Exclude pictures; retype the lines below from the line containing "Bright With Sea View بيبيوني" through the end of the records, both ends kept.
Material provided below:
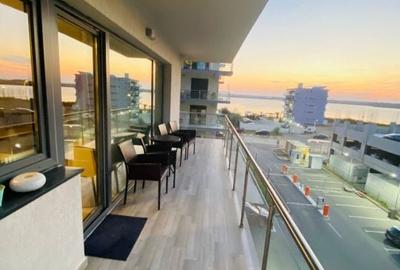 Apartament cu 3 camere în Nord - 6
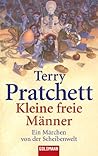 Kleine freie Männer by Terry Pratchett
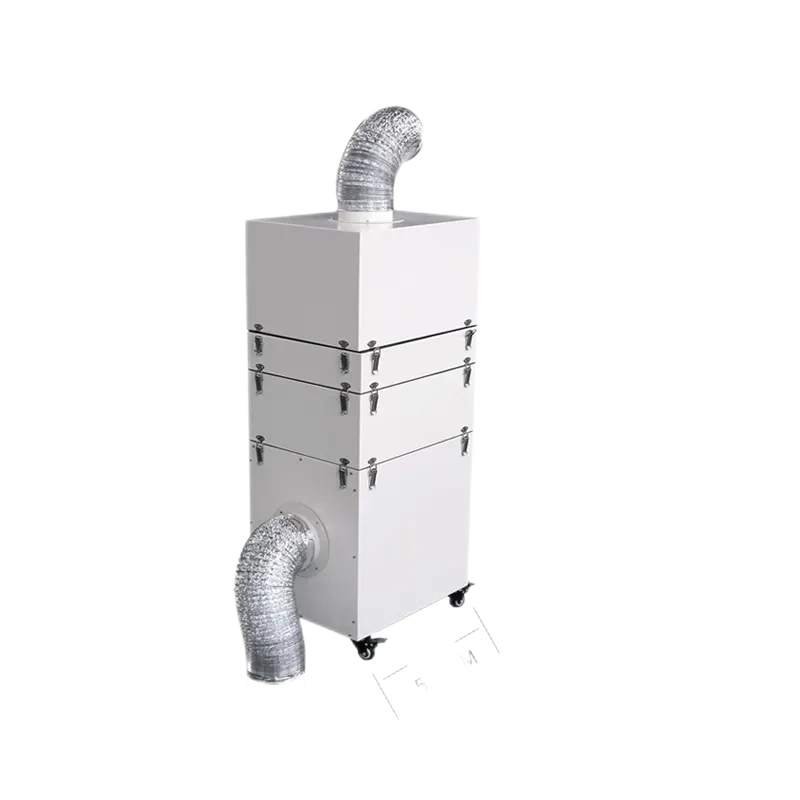 Dust Collector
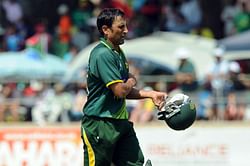 Are Pakistan selectors trying an already tested failure?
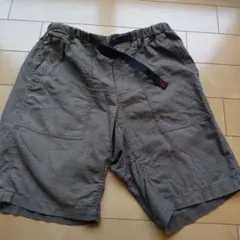 Gramicci クライミングショートパンツ オリーブのサムネイル
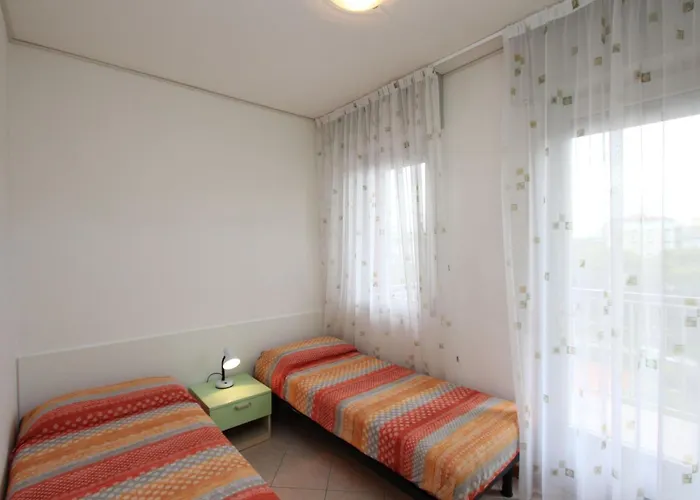 Bright With Sea View بيبيوني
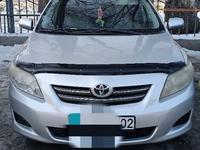 Toyota Corolla 2009 годаүшін5 200 000 тг. в Алматы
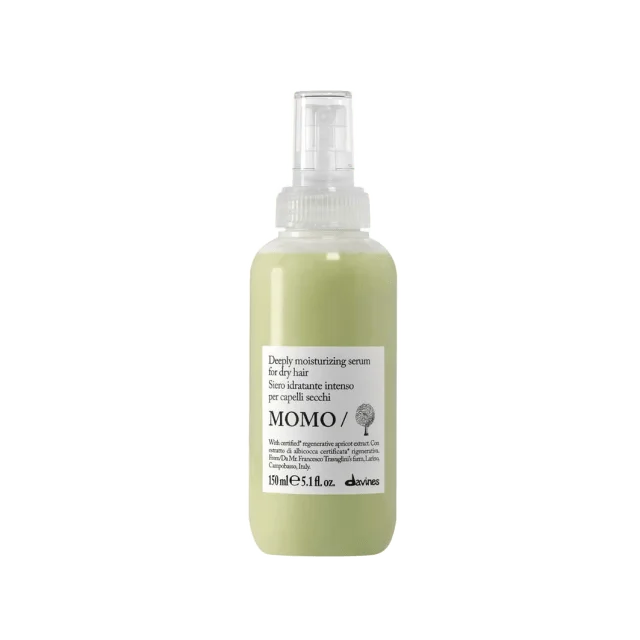 DAVINES Essential MOMO / serum Hårstyling Unisex 150 ML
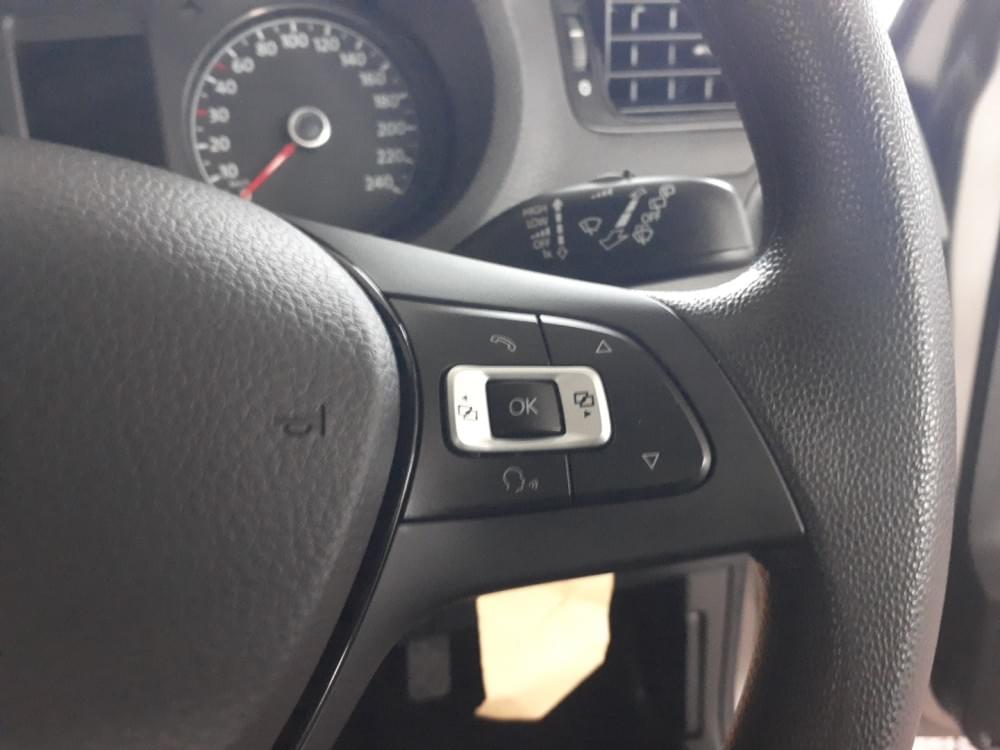 Volkswagen Polo Vivo Hatch 1.4 Trendline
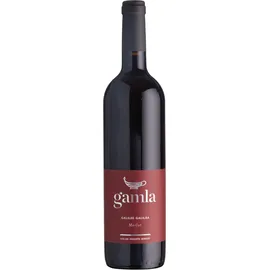 Golan Heights Winery Gamla Merlot 12 x 0,75 l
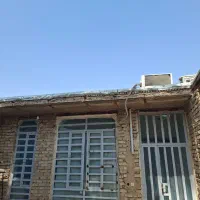 خانه دربه ساختمان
End of Material provided.
Written answer:
 Bright With Sea View بيبيوني
 Toyota Corolla 2009 годаүшін5 200 000 тг. в Алматы
 DAVINES Essential MOMO / serum Hårstyling Unisex 150 ML
 Volkswagen Polo Vivo Hatch 1.4 Trendline
 Golan Heights Winery Gamla Merlot 12 x 0,75 l
 خانه دربه ساختمان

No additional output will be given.